Because we were seeing a little bit more of who [Rosita] was. We were getting a little bit of her backstory, which we hadn’t before, so it was something that I wanted to do justice to. I wanted to work hard and make sure I was putting in all the elements that I felt needed to be there, that the fans wanted there.

That scene in the warehouse is my favorite of the episode, and I think it may be the best Rosita scene ever. We really get to see her be vulnerable, which is very rare.
Yeah, and I really respect that about Rosita. No matter what, even when we do see her be vulnerable, that wall … she somehow gets it back up, but I think that’s really cool. She’s got that really tough exterior. I think that’s probably a lot of who she was before the apocalypse as well, and it was just intensified when the world came crumbling down. But it was really cool to be a little more vulnerable.

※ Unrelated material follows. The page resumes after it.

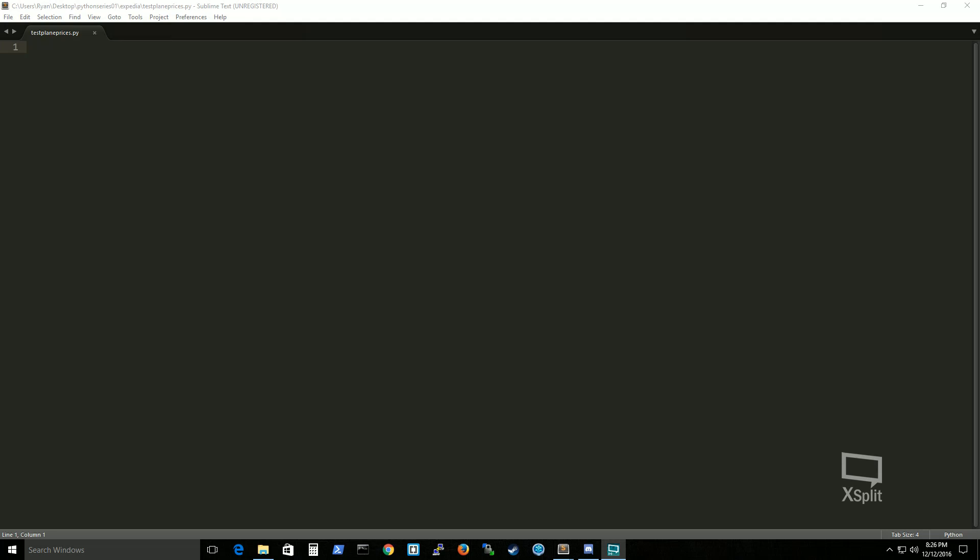Hello, this is the American Developer here. Today we're going to install the Selenium library to Python and we're also going to install ChromeDriver so then we can run our Selenium web browser.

Serratos, Sonequa Martin-Green as Sasha Williams (Credit: Gene Page/AMC)
Serratos, Sonequa Martin-Green as Sasha Williams (Credit: Gene Page/AMC)

She’s been so angry and so focused on revenge for most of the season, more than anyone except maybe Daryl. Has that been tough to play, being in that mindset all season?
It has been tough, but it’s also been really fun, and I know that makes me sound a little bit like a sociopath, but I had so much fun with the struggle. This work can be a struggle sometimes. It can be really hard to get to the places that you need to get to to show an honest performance, you know what I mean? It could so often be surface, and that’s what I think all actors try to avoid, any sort of emotion being just surface, because you’re not going to affect another individual that way. It has to be real to you in that moment, which can also be a little destructive. I mean, after that first episode [of Season 7] … all of us gave 150 percent, and it’s hard to turn off. When you go home, you’re still a little bit traumatized. We were all traumatized from that episode. It took a lot longer than just the end of the workday.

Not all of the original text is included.